• Aim of the task
Below are some entries; reproduce them exactly and leave every picture out.

• Data supplied
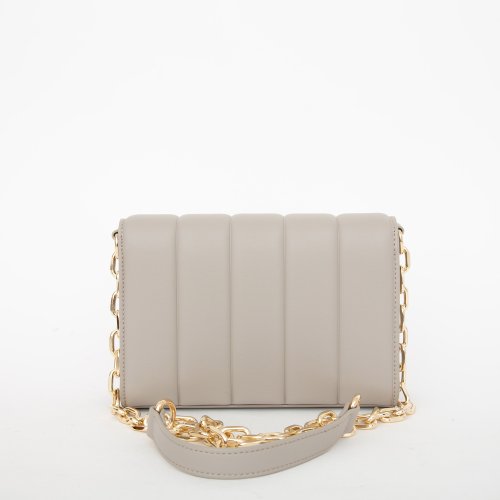 Жіноча кросбоді TRUSSARDI DUNE CROSSBODY SM QUILTED SMOOTH FAUX LEATHER GRIGIO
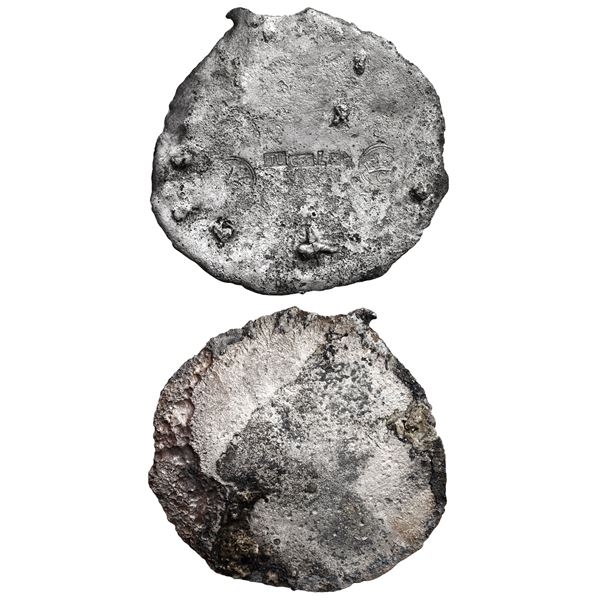 Silver "splash" ingot, ex-"Golden Fleece", 528 grams, fineness IIU CCC L X (2360/2400, 98.3% fine)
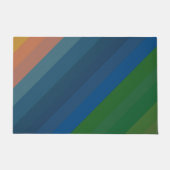 日の出景観色斜め線 ドアマット (正面)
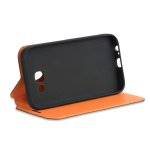 4smarts Flip Case Two Tone - кожен калъф с поставка и отделение за кр. карта за Samsung Galaxy A3 (2017) (черен) 2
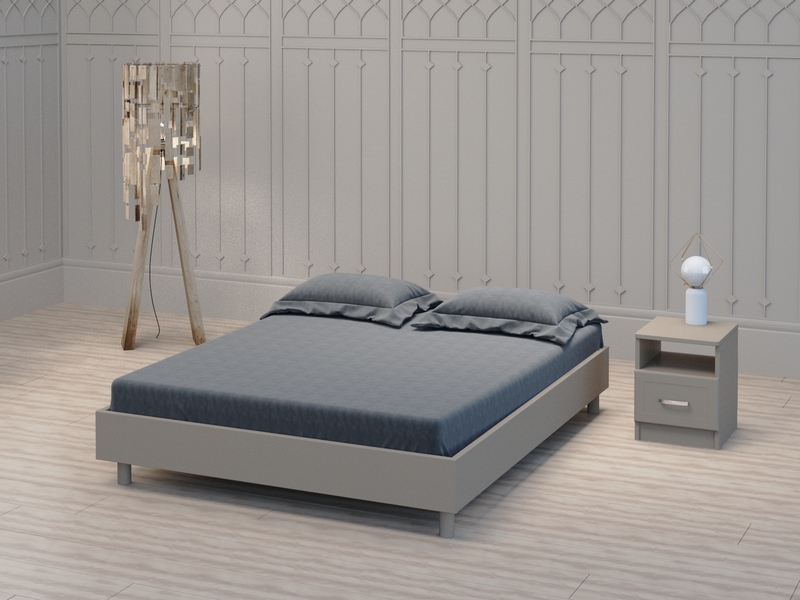 Корпус кровати без изголовья PinoLetto ( Woodbox) Вуд Бокс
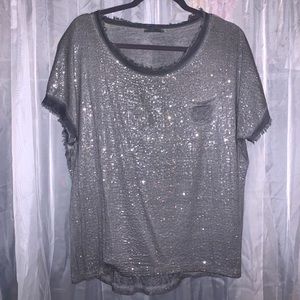 Grey Disco Top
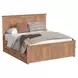 Oak Park Taupe King Storage Panel Bed with 9 Drawers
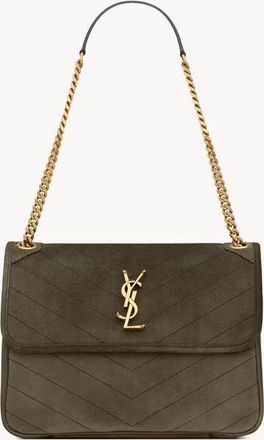 Saint Laurent Shoulder Bag - Taupe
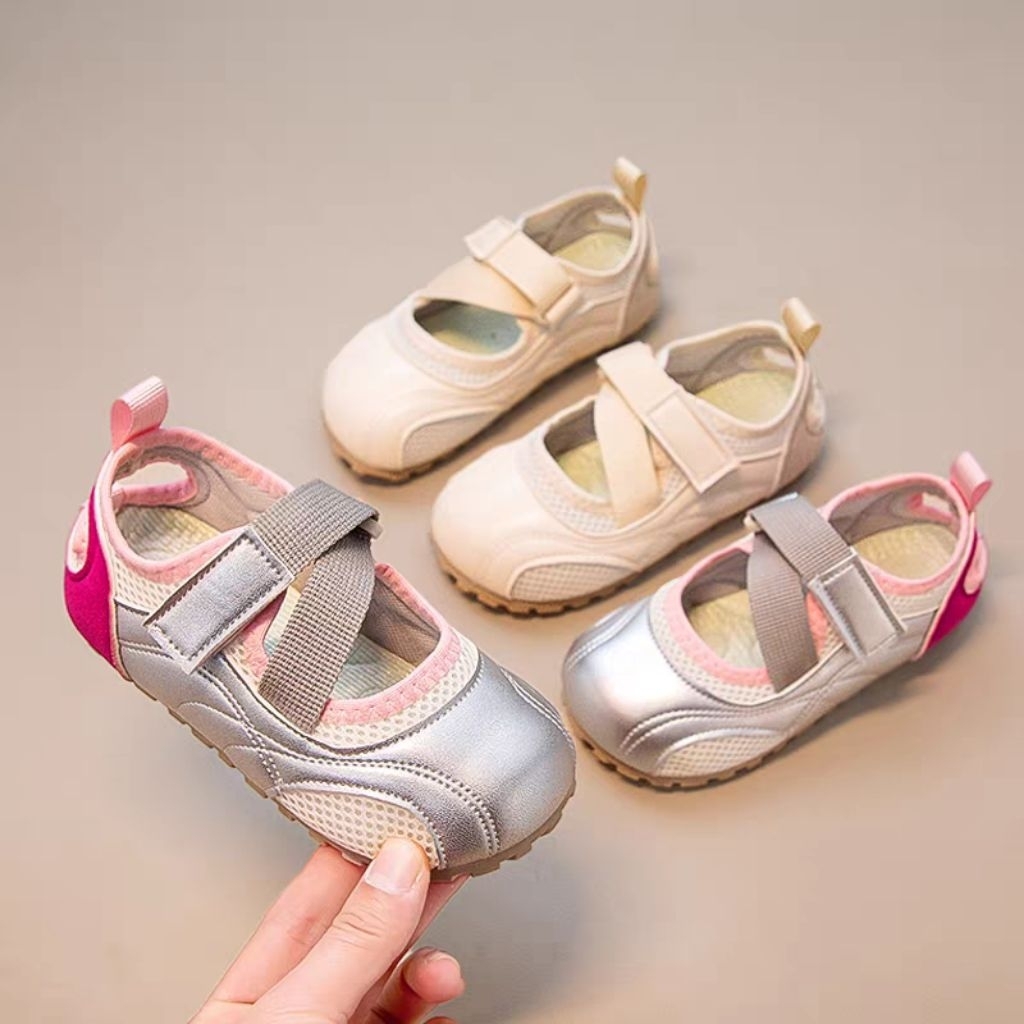 (Sz 23-36) Giày thể thao- Giày cho bé da PU trần bền, êm chân quai dán YZ002 Chuẩn loại 1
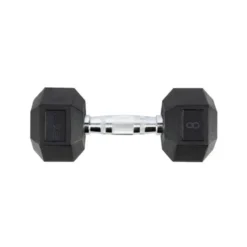 Haltère de musculation hexagonal à l'unité 8 kg avec poignée moletée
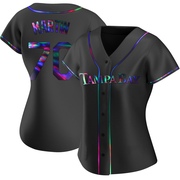 Trevor Martin Women's Tampa Bay Rays Alternate Jersey - Black Holographic Replica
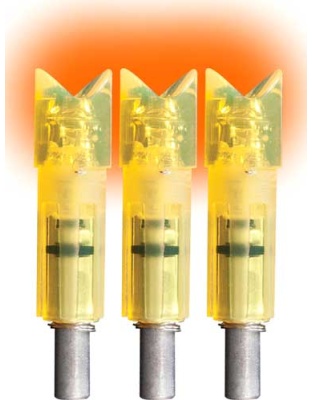 Lumenok Lighted Nock Xbow Hd - Orange Crescent Easton 3pk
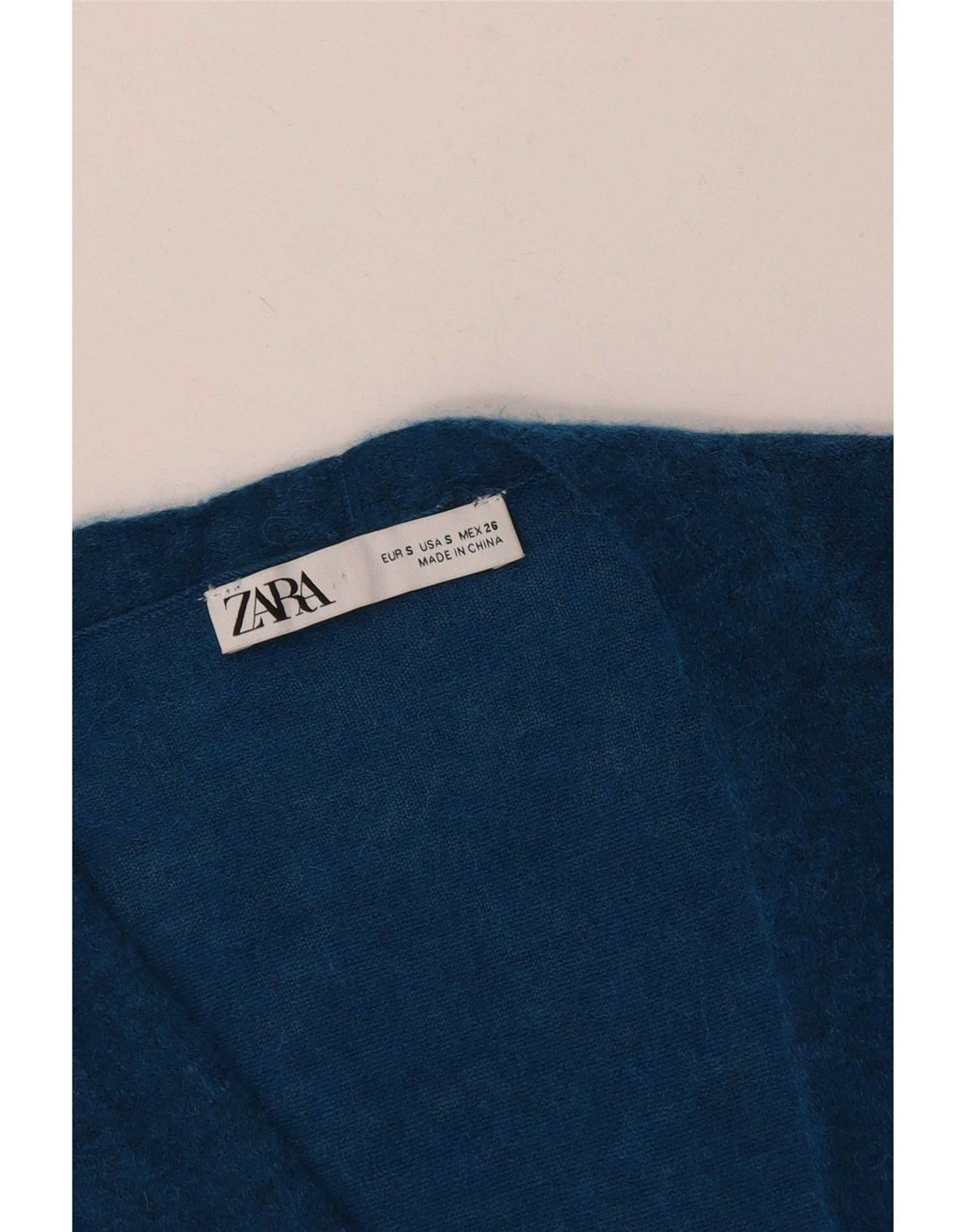 Zara Damen-Strickjacke in Übergröße, Gr. 10, klein, Blau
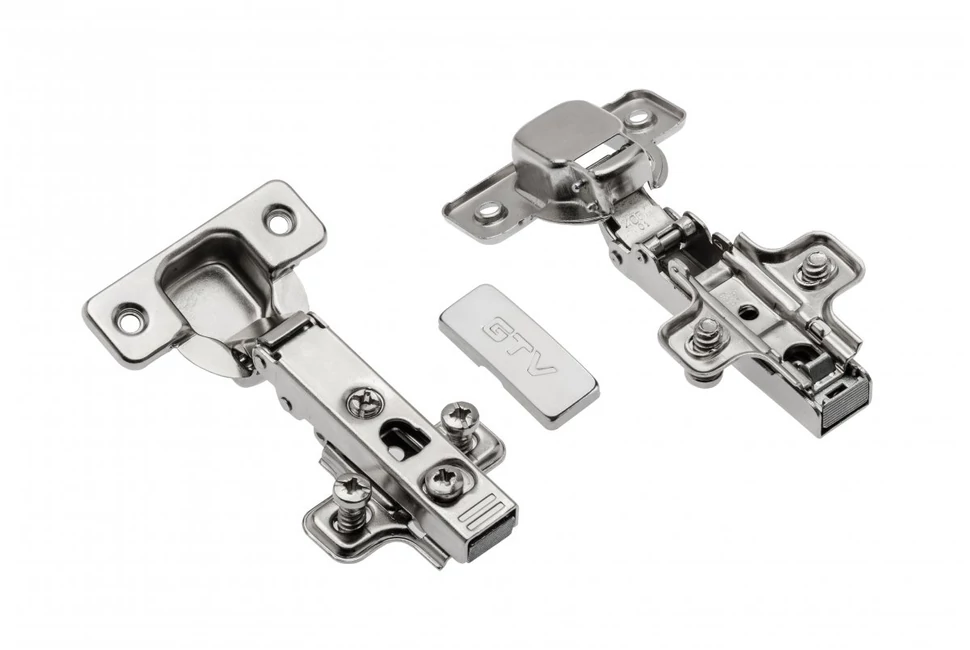 Kivetőpánt, rázáródó, klippes, rugó nélkül, Push Open-hez eurocsavaros talp h=0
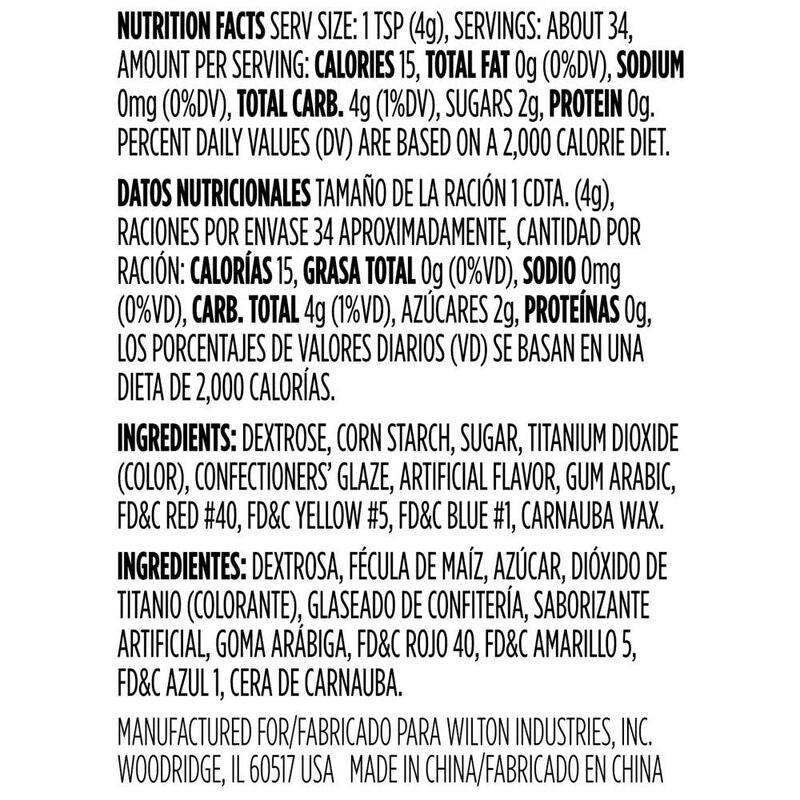 Perlas De Azúcar Plateadas Wilton 136 GR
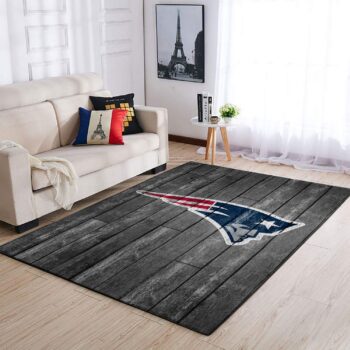 New England Patriots Nfl Area Rugs Football Living Room Carpet Team Logo Wooden Home Rug Regtangle Carpet Floor Decor Home Decor 0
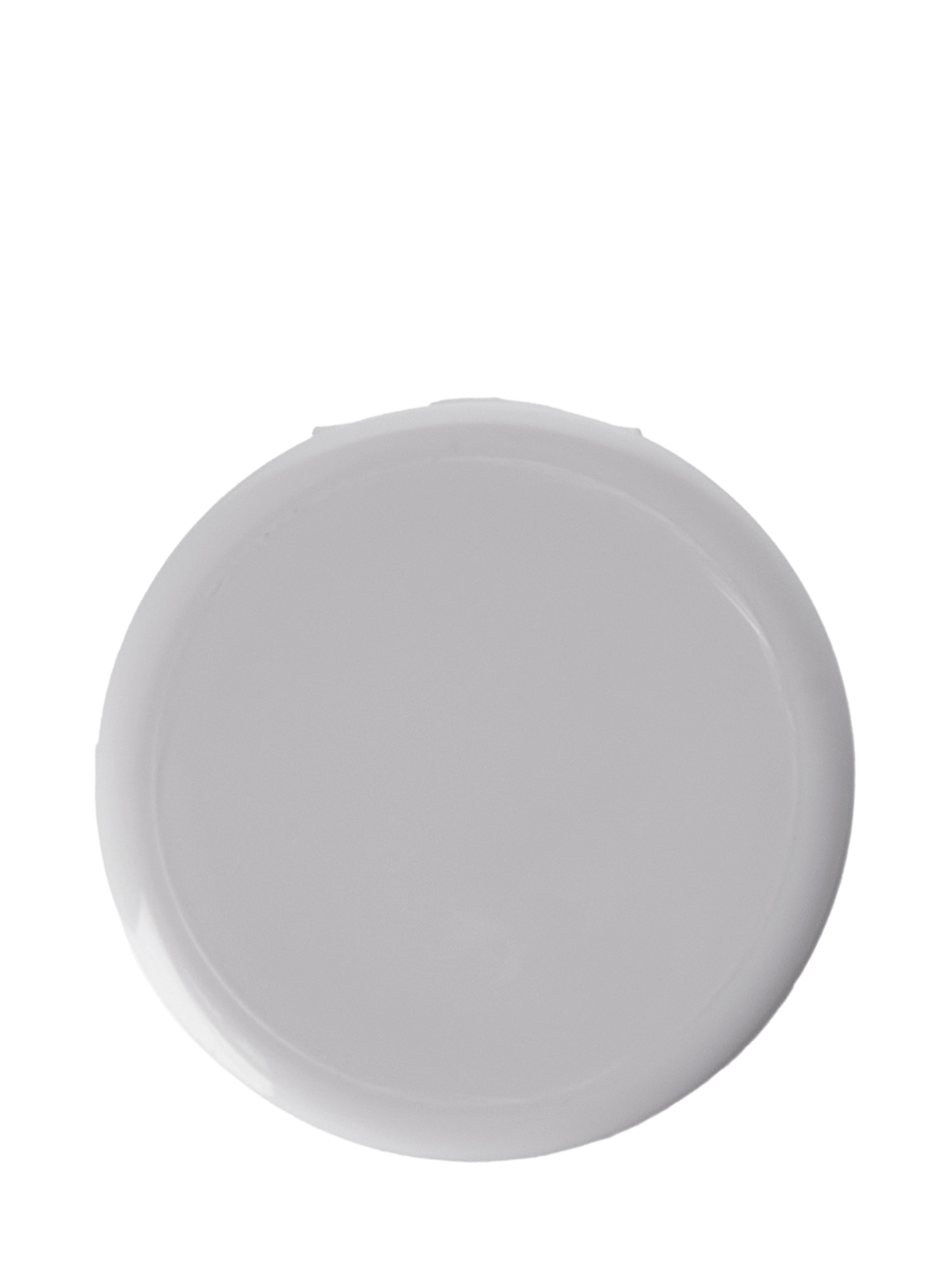 White PP Plastic 38-400 Ribbed Skirt Hinged Flip Top Snap Dispensing Lid – L094WHP1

• Answer to this task
 Жіноча кросбоді TRUSSARDI DUNE CROSSBODY SM QUILTED SMOOTH FAUX LEATHER GRIGIO
 Silver "splash" ingot, ex-"Golden Fleece", 528 grams, fineness IIU CCC L X (2360/2400, 98.3% fine)
 日の出景観色斜め線 ドアマット (正面)
 4smarts Flip Case Two Tone - кожен калъф с поставка и отделение за кр. карта за Samsung Galaxy A3 (2017) (черен) 2
 Корпус кровати без изголовья PinoLetto ( Woodbox) Вуд Бокс
 Grey Disco Top
 Oak Park Taupe King Storage Panel Bed with 9 Drawers
 Saint Laurent Shoulder Bag - Taupe
 (Sz 23-36) Giày thể thao- Giày cho bé da PU trần bền, êm chân quai dán YZ002 Chuẩn loại 1
 Haltère de musculation hexagonal à l'unité 8 kg avec poignée moletée
 Trevor Martin Women's Tampa Bay Rays Alternate Jersey - Black Holographic Replica
 Lumenok Lighted Nock Xbow Hd - Orange Crescent Easton 3pk
 Zara Damen-Strickjacke in Übergröße, Gr. 10, klein, Blau
 Kivetőpánt, rázáródó, klippes, rugó nélkül, Push Open-hez eurocsavaros talp h=0
 Perlas De Azúcar Plateadas Wilton 136 GR
 New England Patriots Nfl Area Rugs Football Living Room Carpet Team Logo Wooden Home Rug Regtangle Carpet Floor Decor Home Decor 0
 White PP Plastic 38-400 Ribbed Skirt Hinged Flip Top Snap Dispensing Lid – L094WHP1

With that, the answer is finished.